Sample Chains

Hey,
What are you guys building sample chains with? Live? I was gonna sit down an make some today and thought I’d ask for any advice/ hints/tips and such.

Thanks!
-b

Haven´t done that yet. But I am interesting hearing others regarding this.
I am toying with this idea:

[ul]
[li]OT (or DAW) to transmit a burst of midi notes/PC/CC (in series) that corresponds to and trigs the different sounds I´d like to get back from the soundsource.[/li]
[li]The soundsource audio outputs connected into the OT input. [/li]
[li]An project created for the purpose of “ripping” audio of others machines. [/li]
[li]Enough up to maximum recording time in a track to record all sounds (One Shot recorder trig).[/li]
[li]Slice that sample into appropiate amount of slices.[/li]
[/ul]

As stated, I haven´t tried it so I don´t know if it really works. But if possible it would be so nice to have a project within the OT itself (= mobility). Where its miditrack is the “automatic” controller that plays the soundsource, and the audiotrack is the “automatic” recorder that captures the soundsource audio.
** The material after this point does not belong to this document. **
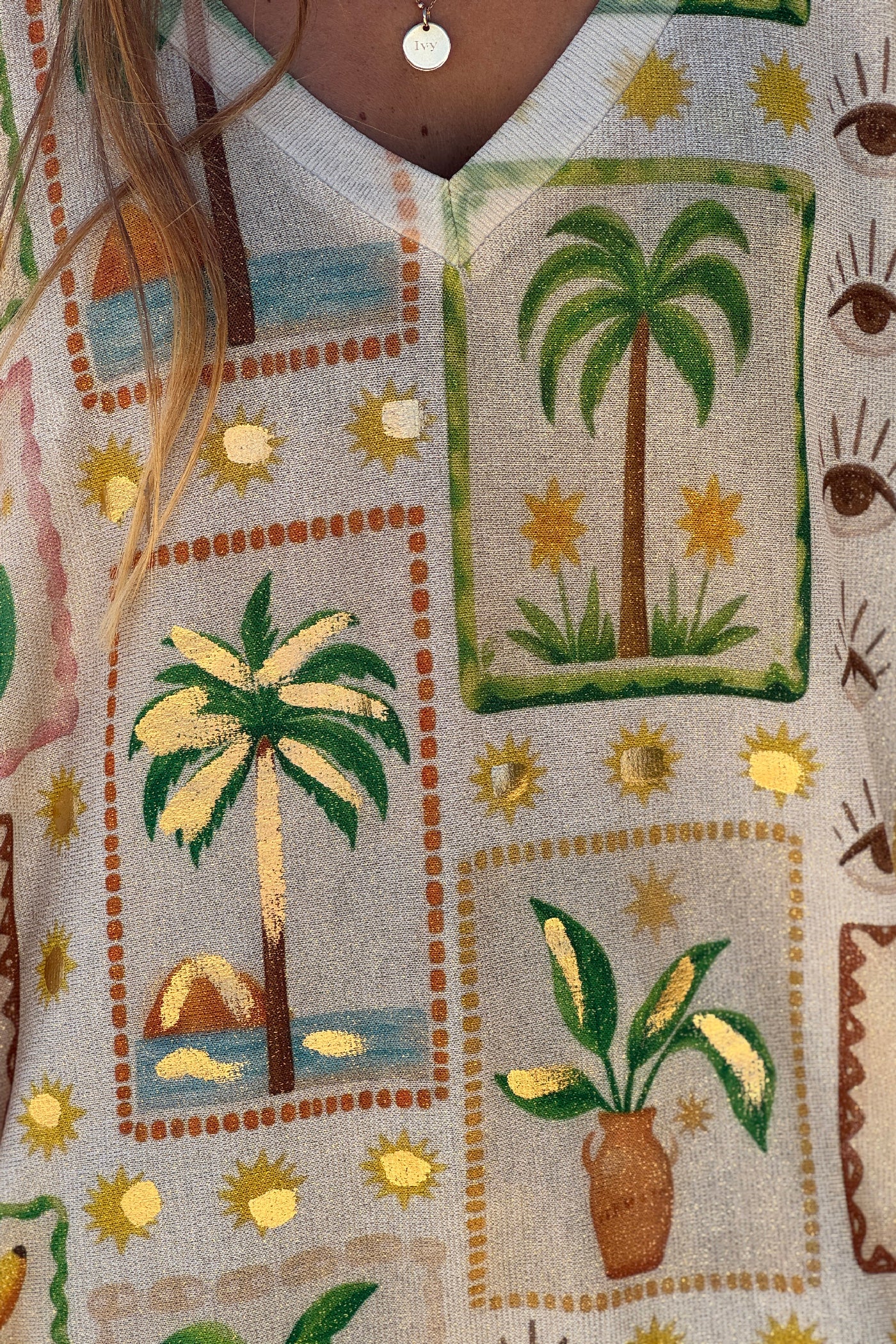 Beige Palm Squares Glitter Knit Top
If both are kept and constructed with the time constraints of the OT in mind, with the slice options (to whatever wanted/needed) as well in consideration. It could perhaps be a minimum hassle of getting the slice startpoints correct by just using linear grid slicing afterwards?

Kinda, plug them into each other (midi and audio). Load that project in OT. Check levels and whatever. Hit play on OT. It takes care of playing each sound of the soundsource AND records it into an track, while you´re relaxing (or up grabbing a coffee). When finish, save that recording, slice it up in linear grid (near perfect alignment of each sound). Done.

It probably won´t work with all hardware units out there, but perhaps with some of them at least?

I use Live for making my chains, works really well. The nice thing is that as long as you stick to just using single samples, you can speed up the tempo before rendering the chains to make them take up less memory in the OT.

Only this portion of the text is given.